[Extracted data entries]
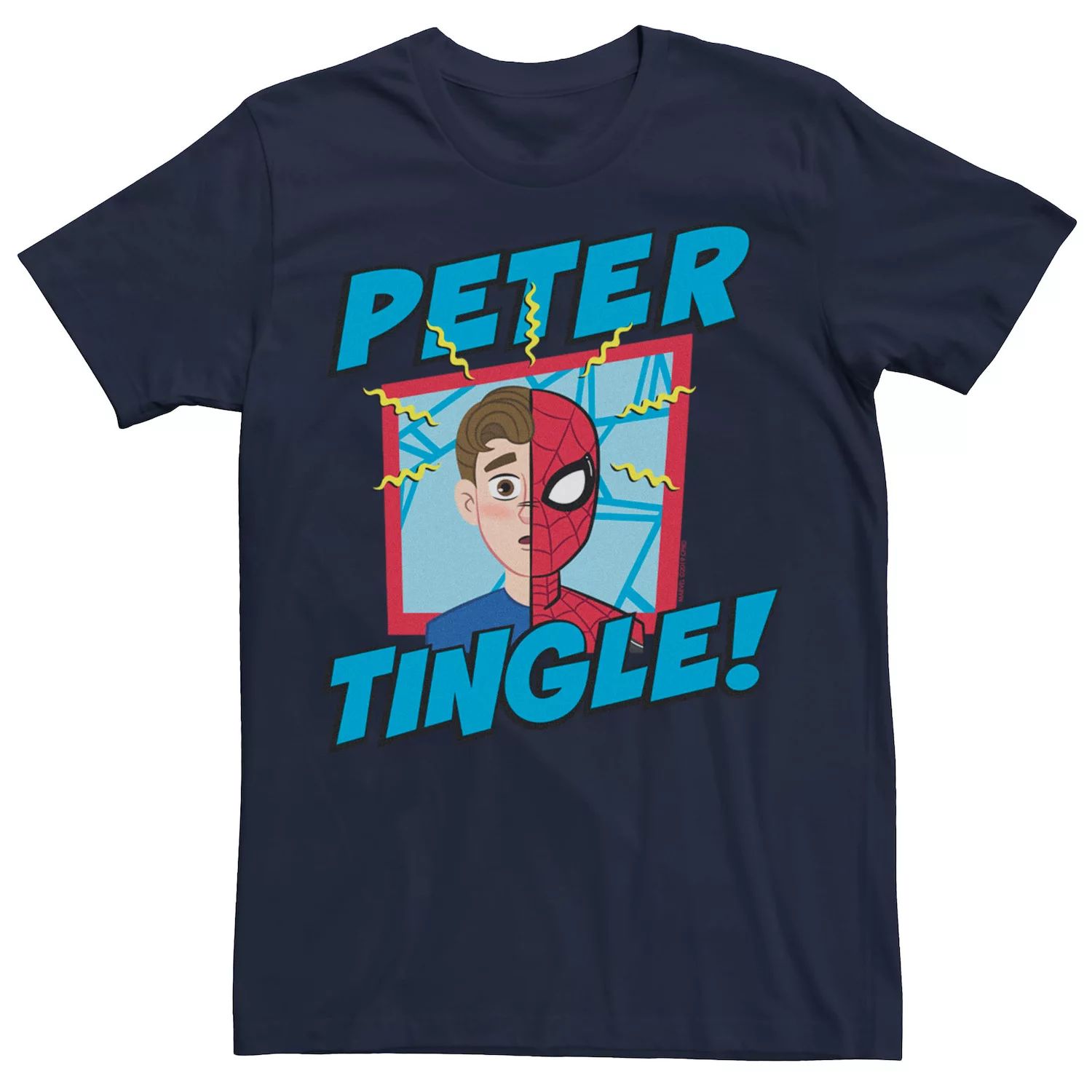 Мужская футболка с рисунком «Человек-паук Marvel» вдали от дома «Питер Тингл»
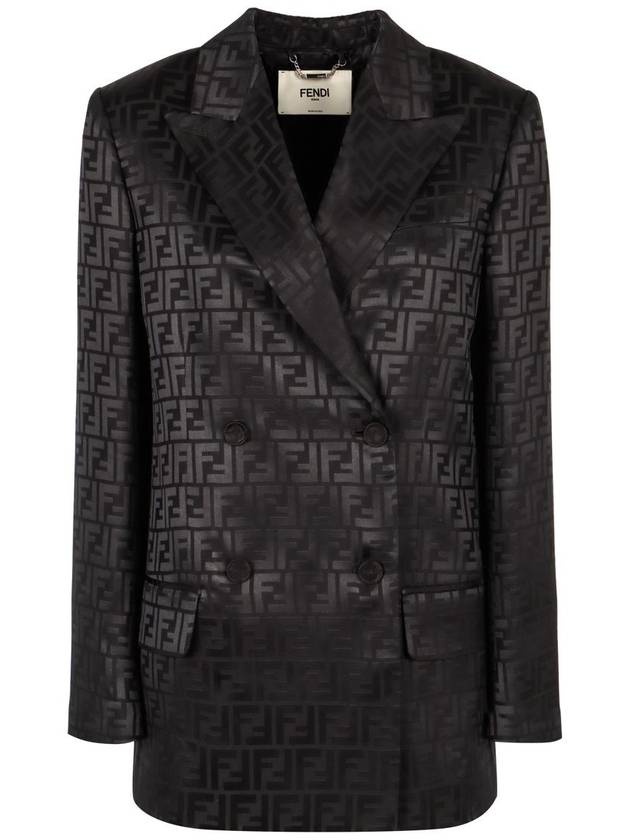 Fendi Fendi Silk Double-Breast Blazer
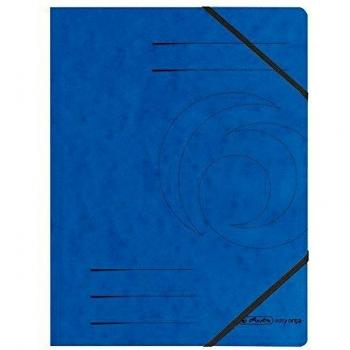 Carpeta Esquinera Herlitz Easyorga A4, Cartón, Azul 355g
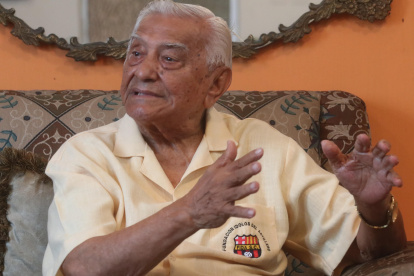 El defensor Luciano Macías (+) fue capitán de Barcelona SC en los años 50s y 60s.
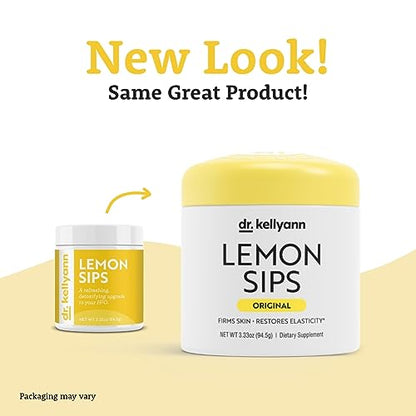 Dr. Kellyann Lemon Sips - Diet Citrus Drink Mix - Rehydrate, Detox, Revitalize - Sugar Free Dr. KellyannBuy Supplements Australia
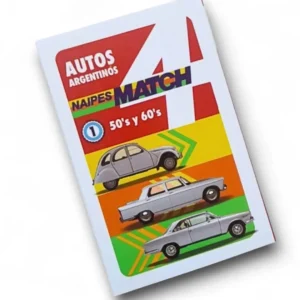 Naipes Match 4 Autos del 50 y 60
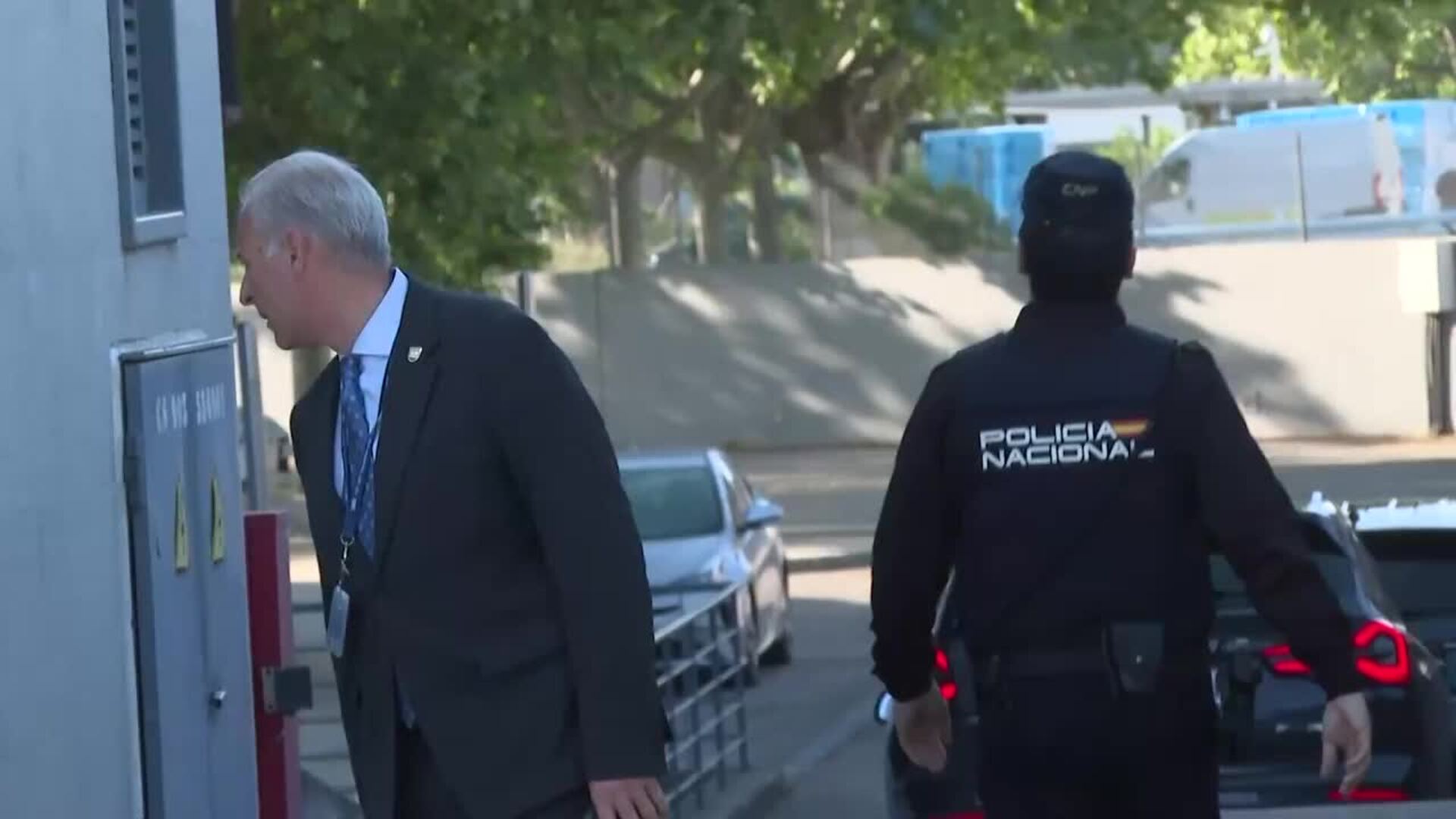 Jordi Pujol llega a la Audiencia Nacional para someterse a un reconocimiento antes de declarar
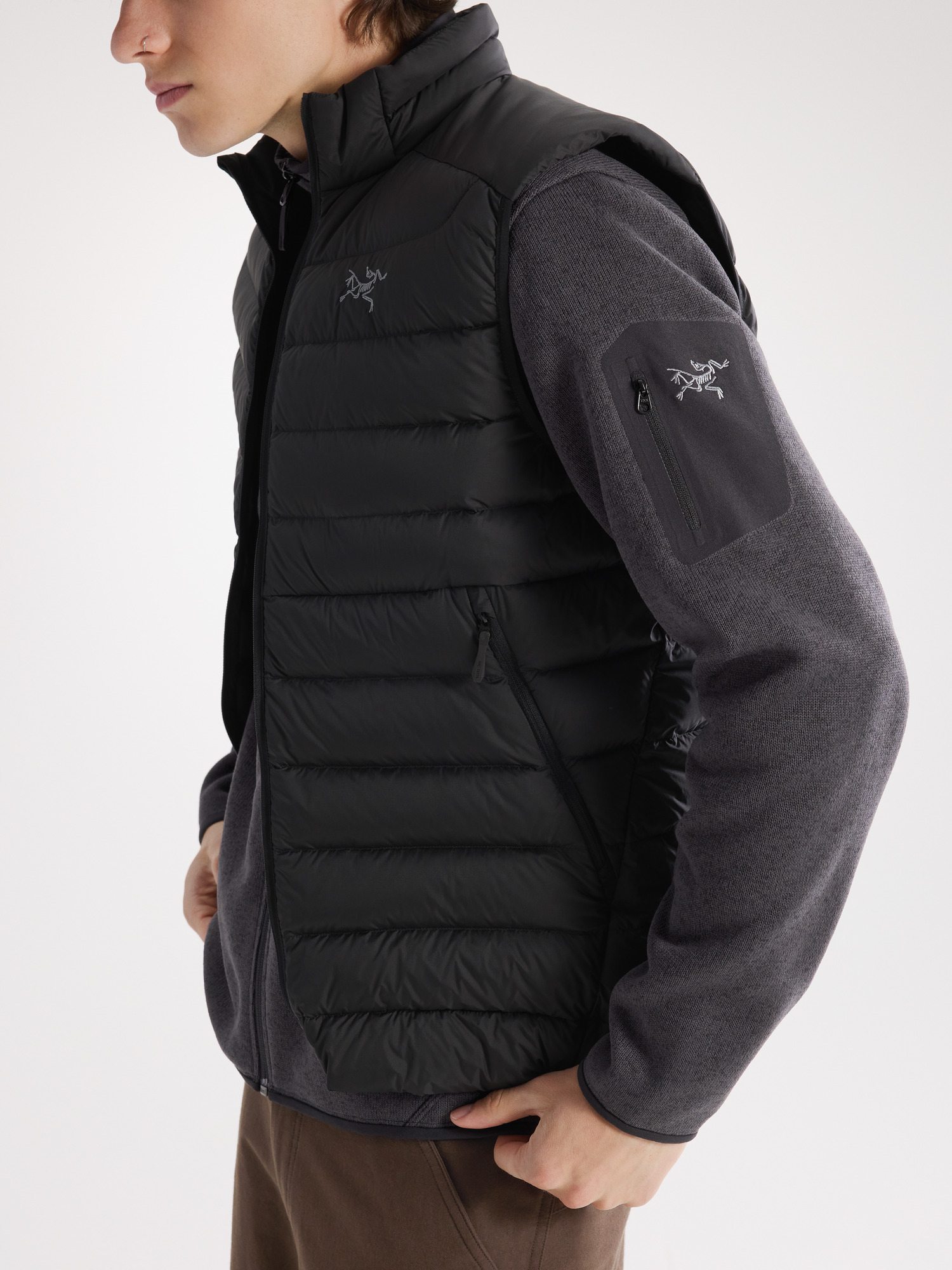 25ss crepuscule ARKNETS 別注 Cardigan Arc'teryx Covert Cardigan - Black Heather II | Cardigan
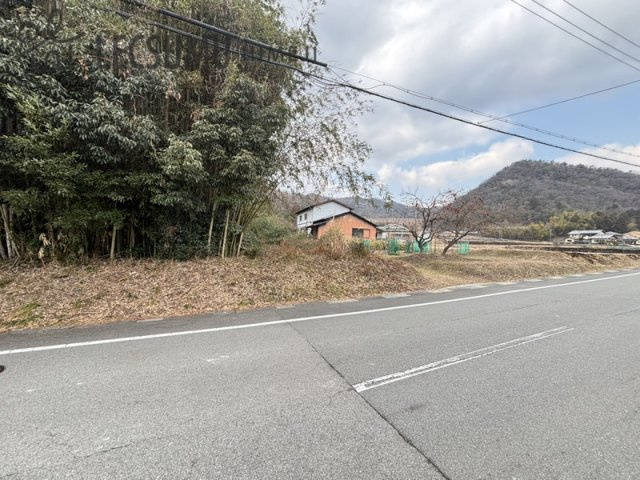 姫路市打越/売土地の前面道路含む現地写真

**Exercise description**
Reproduce verbatim, and only, the lines starting at the one that contains "Carpeta Esquinera Herlitz" and ending with the final line of the records; leave out the pictures.

**Solved problem**
 Carpeta Esquinera Herlitz Easyorga A4, Cartón, Azul 355g
 El defensor Luciano Macías (+) fue capitán de Barcelona SC en los años 50s y 60s.
 Dr. Kellyann Lemon Sips - Diet Citrus Drink Mix - Rehydrate, Detox, Revitalize - Sugar Free Dr. KellyannBuy Supplements Australia
 Naipes Match 4 Autos del 50 y 60
 Jordi Pujol llega a la Audiencia Nacional para someterse a un reconocimiento antes de declarar
 25ss crepuscule ARKNETS 別注 Cardigan Arc'teryx Covert Cardigan - Black Heather II | Cardigan
 姫路市打越/売土地の前面道路含む現地写真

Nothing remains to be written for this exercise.